To express the repeating decimal \(0.08585858...\) (which can be denoted as \(0.\overline{0858}\)) as a fraction, we can set up an equation.
Let \(x = 0.08585858...\).
To eliminate the repeating part, we can multiply \(x\) by \(10000\) (since the repeating part has 4 digits):
\[ 10000x = 85.85858... \]
Now, we can set up another equation for \(x\):
\[ x = 0.08585858... \]
Next, we subtract the second equation from the first:
\[ 10000x - x = 85.85858... - 0.08585858... \]
This simplifies to:
\[ 9999x = 85.772727... \]
However, we want to focus on the stable repeating part which was not enough. Thus, we need to keep the original multiplication correct first.

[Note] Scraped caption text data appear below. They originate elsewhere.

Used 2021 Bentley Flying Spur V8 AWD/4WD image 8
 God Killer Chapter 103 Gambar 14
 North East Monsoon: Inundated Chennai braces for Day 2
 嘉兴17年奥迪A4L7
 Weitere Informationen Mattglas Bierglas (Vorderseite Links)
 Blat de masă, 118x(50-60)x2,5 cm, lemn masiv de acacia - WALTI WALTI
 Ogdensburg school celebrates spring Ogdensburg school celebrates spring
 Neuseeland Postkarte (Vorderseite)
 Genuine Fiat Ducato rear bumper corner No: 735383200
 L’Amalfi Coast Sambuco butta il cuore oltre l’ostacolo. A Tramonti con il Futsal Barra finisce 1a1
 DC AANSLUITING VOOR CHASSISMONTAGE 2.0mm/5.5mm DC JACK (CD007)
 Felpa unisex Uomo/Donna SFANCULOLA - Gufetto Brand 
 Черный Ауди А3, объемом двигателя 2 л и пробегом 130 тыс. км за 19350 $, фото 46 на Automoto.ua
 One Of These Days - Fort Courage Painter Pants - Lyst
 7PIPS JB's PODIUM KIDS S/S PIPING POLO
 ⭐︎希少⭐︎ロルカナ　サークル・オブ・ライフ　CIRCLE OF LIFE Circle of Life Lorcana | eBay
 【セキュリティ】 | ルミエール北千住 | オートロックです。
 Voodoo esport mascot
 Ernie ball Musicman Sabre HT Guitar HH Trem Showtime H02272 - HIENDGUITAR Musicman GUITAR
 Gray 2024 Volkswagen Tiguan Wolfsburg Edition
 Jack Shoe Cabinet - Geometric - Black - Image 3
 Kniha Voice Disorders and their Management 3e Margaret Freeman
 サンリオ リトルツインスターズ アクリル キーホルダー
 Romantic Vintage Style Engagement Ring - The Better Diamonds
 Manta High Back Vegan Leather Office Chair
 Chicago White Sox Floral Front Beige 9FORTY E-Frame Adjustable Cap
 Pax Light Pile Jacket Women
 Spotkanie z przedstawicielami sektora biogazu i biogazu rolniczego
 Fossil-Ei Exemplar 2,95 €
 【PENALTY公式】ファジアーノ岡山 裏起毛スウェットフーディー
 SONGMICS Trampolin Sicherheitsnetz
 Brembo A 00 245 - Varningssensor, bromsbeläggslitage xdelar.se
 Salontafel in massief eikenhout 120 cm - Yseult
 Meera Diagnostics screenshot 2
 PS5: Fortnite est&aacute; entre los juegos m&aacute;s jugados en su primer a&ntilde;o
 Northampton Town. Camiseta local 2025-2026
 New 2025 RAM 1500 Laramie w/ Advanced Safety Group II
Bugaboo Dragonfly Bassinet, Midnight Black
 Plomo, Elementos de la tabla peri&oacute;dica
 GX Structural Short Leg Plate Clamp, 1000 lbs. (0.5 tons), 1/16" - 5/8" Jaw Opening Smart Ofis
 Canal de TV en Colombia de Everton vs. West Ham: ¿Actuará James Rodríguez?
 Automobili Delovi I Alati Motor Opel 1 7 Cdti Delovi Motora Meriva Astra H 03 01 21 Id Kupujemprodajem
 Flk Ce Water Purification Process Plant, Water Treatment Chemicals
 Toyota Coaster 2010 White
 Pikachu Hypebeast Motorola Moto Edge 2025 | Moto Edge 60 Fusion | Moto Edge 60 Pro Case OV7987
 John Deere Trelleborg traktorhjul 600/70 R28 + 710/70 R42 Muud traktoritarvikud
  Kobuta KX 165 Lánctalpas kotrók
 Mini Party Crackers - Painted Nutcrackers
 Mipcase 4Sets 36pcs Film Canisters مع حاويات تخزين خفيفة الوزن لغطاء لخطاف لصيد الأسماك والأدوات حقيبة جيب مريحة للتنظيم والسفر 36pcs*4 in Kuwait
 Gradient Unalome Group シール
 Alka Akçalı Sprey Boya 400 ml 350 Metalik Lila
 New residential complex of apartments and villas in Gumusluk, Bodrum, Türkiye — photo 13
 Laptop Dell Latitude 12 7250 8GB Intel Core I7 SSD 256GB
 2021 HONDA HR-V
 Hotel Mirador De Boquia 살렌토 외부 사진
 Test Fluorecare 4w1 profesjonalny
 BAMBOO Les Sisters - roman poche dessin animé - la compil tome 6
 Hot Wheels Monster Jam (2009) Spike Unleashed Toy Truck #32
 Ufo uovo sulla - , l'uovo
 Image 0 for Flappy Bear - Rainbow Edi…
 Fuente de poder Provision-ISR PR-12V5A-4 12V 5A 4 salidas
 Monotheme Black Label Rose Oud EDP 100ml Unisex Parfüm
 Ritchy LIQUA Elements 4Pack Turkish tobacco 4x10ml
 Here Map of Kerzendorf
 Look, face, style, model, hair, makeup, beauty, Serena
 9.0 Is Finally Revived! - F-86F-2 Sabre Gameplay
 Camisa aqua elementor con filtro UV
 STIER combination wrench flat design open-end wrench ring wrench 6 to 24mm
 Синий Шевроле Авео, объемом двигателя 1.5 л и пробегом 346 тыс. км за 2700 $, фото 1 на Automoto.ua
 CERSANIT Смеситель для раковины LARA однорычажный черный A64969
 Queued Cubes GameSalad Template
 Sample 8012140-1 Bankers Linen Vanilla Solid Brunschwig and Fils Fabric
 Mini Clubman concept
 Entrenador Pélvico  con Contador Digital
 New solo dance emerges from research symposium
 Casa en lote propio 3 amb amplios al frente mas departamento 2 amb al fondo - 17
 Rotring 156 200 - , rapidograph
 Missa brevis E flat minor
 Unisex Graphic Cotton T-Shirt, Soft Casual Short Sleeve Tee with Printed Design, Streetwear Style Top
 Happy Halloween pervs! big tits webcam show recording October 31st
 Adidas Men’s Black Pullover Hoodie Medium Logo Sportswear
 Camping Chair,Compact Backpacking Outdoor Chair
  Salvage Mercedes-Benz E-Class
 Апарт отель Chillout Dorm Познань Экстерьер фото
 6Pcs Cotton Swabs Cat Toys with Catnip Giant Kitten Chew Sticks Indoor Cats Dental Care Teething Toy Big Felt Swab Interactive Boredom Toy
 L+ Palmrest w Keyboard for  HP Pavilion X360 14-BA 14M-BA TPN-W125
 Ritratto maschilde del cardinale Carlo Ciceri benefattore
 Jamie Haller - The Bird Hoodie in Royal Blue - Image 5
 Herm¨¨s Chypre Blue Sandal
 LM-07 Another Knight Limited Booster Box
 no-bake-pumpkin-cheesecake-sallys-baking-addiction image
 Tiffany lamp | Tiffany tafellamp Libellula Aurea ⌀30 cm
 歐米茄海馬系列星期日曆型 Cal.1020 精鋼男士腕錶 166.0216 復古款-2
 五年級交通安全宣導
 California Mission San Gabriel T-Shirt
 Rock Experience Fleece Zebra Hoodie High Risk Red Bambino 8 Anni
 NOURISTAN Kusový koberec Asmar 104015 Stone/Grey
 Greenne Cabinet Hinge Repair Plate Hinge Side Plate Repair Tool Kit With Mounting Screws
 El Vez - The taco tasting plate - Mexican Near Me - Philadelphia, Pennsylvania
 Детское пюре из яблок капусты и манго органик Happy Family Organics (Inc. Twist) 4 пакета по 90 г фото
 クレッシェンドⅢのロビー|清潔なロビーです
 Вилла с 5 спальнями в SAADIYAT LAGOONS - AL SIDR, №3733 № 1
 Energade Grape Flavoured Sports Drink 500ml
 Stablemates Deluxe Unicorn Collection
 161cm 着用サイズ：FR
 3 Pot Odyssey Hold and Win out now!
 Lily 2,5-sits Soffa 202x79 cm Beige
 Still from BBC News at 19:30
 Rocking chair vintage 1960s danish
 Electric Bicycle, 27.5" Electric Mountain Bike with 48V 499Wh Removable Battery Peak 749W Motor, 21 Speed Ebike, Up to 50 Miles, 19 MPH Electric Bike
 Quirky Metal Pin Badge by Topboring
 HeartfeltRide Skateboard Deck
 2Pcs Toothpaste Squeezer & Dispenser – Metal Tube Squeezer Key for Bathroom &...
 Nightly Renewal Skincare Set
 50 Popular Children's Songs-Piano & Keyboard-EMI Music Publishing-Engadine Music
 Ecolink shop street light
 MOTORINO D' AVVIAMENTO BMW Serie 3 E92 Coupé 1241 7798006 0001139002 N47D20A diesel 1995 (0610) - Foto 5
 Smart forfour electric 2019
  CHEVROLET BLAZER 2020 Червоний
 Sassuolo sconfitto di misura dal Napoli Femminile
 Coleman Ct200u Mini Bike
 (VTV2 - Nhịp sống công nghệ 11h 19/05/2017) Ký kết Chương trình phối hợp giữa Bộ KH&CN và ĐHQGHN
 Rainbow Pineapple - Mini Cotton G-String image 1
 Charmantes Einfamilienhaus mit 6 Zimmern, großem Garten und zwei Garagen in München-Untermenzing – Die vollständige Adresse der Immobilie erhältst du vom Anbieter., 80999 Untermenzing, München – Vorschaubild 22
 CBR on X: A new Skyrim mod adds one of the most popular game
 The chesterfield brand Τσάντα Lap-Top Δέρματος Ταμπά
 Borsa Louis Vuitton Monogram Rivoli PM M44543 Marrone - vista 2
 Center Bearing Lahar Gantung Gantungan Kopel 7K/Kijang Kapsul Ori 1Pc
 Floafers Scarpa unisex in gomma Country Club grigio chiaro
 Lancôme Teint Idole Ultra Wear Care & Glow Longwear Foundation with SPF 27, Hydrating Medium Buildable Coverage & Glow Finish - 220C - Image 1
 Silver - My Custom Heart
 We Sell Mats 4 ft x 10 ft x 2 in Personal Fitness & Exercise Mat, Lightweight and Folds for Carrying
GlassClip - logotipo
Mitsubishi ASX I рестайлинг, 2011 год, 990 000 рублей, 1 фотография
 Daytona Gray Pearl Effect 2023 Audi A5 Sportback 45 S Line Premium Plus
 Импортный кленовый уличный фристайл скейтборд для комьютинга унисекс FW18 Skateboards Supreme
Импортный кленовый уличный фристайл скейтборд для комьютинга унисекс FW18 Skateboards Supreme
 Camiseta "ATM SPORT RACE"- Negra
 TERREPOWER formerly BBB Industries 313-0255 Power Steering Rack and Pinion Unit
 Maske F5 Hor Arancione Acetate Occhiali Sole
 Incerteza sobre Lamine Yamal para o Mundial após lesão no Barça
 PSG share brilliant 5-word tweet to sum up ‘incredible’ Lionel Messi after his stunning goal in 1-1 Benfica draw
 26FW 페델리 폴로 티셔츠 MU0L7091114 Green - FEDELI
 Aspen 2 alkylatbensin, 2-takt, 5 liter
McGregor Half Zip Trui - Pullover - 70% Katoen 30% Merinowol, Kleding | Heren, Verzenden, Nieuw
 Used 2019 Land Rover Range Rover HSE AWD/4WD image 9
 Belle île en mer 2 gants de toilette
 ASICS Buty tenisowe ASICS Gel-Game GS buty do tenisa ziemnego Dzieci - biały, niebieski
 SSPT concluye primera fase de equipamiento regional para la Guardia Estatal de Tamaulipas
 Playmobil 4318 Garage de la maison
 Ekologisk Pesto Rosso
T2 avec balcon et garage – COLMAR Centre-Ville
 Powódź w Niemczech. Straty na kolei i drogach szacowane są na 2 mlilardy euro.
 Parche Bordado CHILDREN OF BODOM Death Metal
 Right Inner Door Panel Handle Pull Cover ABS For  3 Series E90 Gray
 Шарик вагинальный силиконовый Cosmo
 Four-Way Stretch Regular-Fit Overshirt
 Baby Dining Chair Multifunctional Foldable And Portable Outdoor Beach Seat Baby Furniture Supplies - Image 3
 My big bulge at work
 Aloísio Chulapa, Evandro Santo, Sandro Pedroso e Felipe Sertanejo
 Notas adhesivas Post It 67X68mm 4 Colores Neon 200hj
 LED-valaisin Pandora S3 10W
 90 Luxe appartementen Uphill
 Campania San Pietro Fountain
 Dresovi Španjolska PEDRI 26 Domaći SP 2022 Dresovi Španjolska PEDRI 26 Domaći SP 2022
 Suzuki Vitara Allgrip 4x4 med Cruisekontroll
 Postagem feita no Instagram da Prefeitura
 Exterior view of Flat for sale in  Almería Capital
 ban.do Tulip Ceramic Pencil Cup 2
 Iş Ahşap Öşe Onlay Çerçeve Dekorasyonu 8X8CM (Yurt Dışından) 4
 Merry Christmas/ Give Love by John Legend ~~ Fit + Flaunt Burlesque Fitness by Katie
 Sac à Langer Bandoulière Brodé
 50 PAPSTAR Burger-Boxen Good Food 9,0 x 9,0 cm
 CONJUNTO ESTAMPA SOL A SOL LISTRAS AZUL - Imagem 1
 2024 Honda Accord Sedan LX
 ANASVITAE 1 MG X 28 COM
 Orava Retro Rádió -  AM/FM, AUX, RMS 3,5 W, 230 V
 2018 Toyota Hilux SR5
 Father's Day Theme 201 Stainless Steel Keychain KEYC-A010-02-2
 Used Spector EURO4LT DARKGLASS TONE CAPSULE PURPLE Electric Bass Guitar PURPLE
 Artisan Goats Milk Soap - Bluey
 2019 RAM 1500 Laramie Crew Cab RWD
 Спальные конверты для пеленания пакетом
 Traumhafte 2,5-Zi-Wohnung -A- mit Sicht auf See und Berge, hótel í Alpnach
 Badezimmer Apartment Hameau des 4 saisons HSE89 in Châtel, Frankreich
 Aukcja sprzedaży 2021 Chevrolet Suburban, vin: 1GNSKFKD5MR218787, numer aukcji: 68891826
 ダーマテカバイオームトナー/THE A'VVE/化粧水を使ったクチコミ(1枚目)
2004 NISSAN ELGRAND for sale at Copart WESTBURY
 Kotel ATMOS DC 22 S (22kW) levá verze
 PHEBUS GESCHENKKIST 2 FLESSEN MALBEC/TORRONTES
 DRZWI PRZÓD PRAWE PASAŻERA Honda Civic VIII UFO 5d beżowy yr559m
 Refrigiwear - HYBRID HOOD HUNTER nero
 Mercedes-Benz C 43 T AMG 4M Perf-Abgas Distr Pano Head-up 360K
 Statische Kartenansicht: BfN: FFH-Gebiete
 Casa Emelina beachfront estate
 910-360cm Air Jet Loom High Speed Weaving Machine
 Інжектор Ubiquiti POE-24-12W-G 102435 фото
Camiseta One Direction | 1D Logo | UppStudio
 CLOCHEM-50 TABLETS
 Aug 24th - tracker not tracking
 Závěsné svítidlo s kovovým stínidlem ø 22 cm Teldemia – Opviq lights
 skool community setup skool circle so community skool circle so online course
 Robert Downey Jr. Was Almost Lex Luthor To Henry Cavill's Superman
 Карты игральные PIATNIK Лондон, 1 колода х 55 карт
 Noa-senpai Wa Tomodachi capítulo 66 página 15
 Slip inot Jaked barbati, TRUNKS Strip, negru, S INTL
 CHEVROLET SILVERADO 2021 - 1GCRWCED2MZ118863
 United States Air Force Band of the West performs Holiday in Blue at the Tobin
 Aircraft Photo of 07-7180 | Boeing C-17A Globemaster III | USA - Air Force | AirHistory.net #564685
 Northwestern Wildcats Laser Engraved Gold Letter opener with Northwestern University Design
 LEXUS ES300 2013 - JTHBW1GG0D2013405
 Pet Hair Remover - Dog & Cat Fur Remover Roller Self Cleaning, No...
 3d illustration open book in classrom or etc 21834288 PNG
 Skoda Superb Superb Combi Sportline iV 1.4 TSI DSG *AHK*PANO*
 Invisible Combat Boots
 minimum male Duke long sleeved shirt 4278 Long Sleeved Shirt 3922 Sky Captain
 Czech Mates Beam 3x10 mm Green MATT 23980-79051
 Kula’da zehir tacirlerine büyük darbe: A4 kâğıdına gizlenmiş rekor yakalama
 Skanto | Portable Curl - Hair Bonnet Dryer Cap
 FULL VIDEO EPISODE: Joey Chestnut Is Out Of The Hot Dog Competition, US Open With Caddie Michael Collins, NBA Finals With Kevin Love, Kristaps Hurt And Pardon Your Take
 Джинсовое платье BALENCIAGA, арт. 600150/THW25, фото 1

Next, we recognize that within this procedure, we actually wanted the repeating part relative to \(10000\) starting from our initial assumption directly. Going right back preserves a clear transition.
From \(0.085\) multiplied directly to:
| We recall that;
0.0858 (repeats) = 8585... Above achieves a timed deduction just right with \(10000x = 85 + x\). Simplifying gives Reduction:
(9999x = 85 → x = 85/9999)
So, in this regard;
The decimal \( 0.\overline{0858}\) translates to the fraction \(\frac{85}{999} \).
Thus, the fraction representing \(0.08585858...\) is:
\[\frac{85}{999}.\]
And that describes the representation smoothly as requested.